Perón quedó desolado ("Me han cortado las piernas", dijo), pero tomó nota de la envergadura del desafío y de la identidad individual y colectiva de los asesinos. A su vez, este horrendo crimen profundizó la "grieta" que separaba a las distintas ortodoxias peronistas de quienes, incluso después de recuperada la democracia, seguían en armas o desarrollando acciones terroristas.

Además de profundizar las medidas encaminadas a aislar y derrotar a quienes así le desafiaban, Perón reorganizó su dispositivo: apostó por recostarse sobre el otrora desprestigiado movimiento sindical y encontró en él férreas lealtades, voluntad de acompañar sus políticas económicas y salariales (enmarcadas en el Pacto Social impulsado por él y su ministro de Economía José B. Gelbard, y denostado por las fuerzas de la "tendencia revolucionaria"), y capacidad de movilización en condiciones de empardar los actos masivos de la "tendencia". Consolidó el control de los bloques parlamentarios.
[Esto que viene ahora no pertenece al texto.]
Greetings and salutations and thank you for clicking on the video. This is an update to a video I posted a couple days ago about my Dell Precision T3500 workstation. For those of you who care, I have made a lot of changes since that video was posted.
Forzó la renuncia del gobernador de Buenos Aires tras un feroz atentado contra una unidad del Ejército. Organizó una cúpula militar insospechada de simpatías con Montoneros. Recuperó para el servicio activo a policías comprometidos con la anterior dictadura. Relevó a las conducciones universitarias emparentadas con las izquierdas. Y alentó a las organizaciones juveniles alternativas (la "JP Lealtad", entre otras).
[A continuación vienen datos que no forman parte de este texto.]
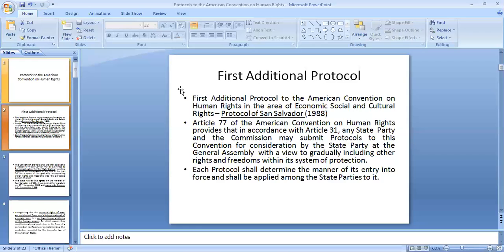According to Article 77 of the American Convention on Human Rights, it provides that state parties to the convention can submit protocols so that state parties can consider those protocols at the General Assembly of the Organization of American States. This first additional protocol was submitted in the same manner, considered by the state parties at the General Assembly, and was adopted in 1988.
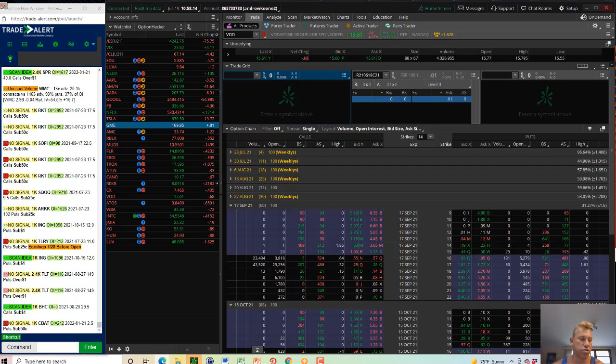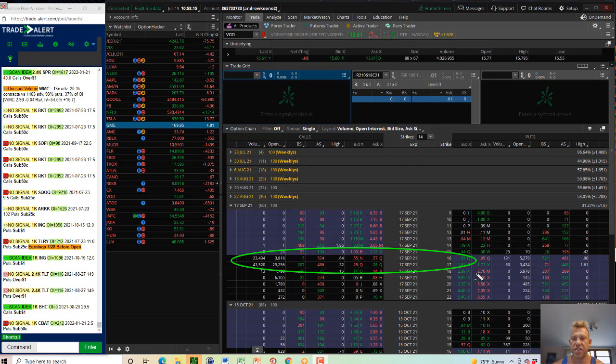I told subscribers to get in the 17s for 25 cents, or the 16s at 56. Either of those, I like on the long side here in VOD.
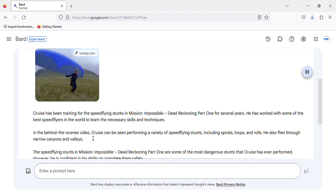In the behind-the-scenes video, Cruise can be seen performing a variety of speed-flying stunts, including spirals, loops, and rolls. He also flies through narrow canyons and valleys.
En el terreno programático, libró una batalla para que el movimiento regresara a sus orígenes, alejándose de herejías que, habiendo comenzado en el ultranacionalismo de matriz católica (cuyos personeros protagonizaron el asesinato de Pedro Eugenio Aramburu en 1970), terminó reportando al marxismo en su versión cubana.
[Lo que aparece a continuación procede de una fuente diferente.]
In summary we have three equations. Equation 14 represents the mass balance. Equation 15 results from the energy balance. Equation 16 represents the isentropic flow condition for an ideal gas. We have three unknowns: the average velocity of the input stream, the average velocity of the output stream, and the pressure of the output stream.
Esta renovación de ideas tuvo su máxima expresión en el hoy injustamente olvidado documento "Modelo argentino para el proyecto nacional", esbozado en su mensaje del 1 de mayo de 1974 ante la Asamblea Legislativa.

Los dos años que siguieron al 23 de setiembre de 1973 terminaron mostrando la insuficiencia de estas medidas con las que Perón intentó proscribir la violencia armada, regresar a sus postulados primigenios y asentar sus nuevas inquietudes adquiridas tras su largo exilio.

Uno podría sostener que Perón sobrevaloró su capacidad de reconducir a la "juventud maravillosa", rescatándola del militarismo, convenciéndola de la necesidad moral y política de respetar el precepto "No matarás".

Como es notorio, los herederos y continuadores de aquel viejo desafío al peronismo histórico han desplegado su ingenio para eludir responsabilidades y su capacidad retórica para reescribir historias. Sin embargo, lejos de encerrarse en sus precarias banderas "ideológicas", el Partido Montonero partió del culto a Evita, ensalzó la figura de Cámpora y enarbola ahora la consigna "Volver a Perón". Al hilo de este enunciado, se me ocurre atinado preguntar si es posible "volver a Perón" ignorando su rectificación del apotegma originario "para un peronista no hay nada mejor que otro peronista", por la consigna "para un argentino no hay nada mejor que otro argentino". Las antiguas diatribas y atentados contra la dirección sindical están siendo olvidados. En materia programática, "La Cámpora" ignora el documento "Modelo argentino para el proyecto nacional" y hay quienes lo reemplazan por el reciente aporte (8 de setiembre de 2022) de Mario Eduardo Firmenich "Programa revolucionario para la refundación nacional".

Termino encomiando los esfuerzos por analizar los acontecimientos tratando de evitar deformaciones o sobrecargas ideológicas. Este tipo de esfuerzos debiera servirnos para llegar a algunas conclusiones, de los que me atrevo a enunciar aquí tres. La primera: que la violencia destruyó nuestras bases de convivencia en demasiados períodos de nuestra historia reciente, por tanto, es altamente imprudente volver a ella o alentar su regreso. La segunda: que el diálogo sin exclusiones y en el marco de la Constitucional (reformada en 1994) es la única vía conocida para emerger de la decadencia. La última: que los verticalismos ciegos destruyen las mejores intenciones (en palabras del profeta Ezequiel: "Dios ciega a quien quiere perder").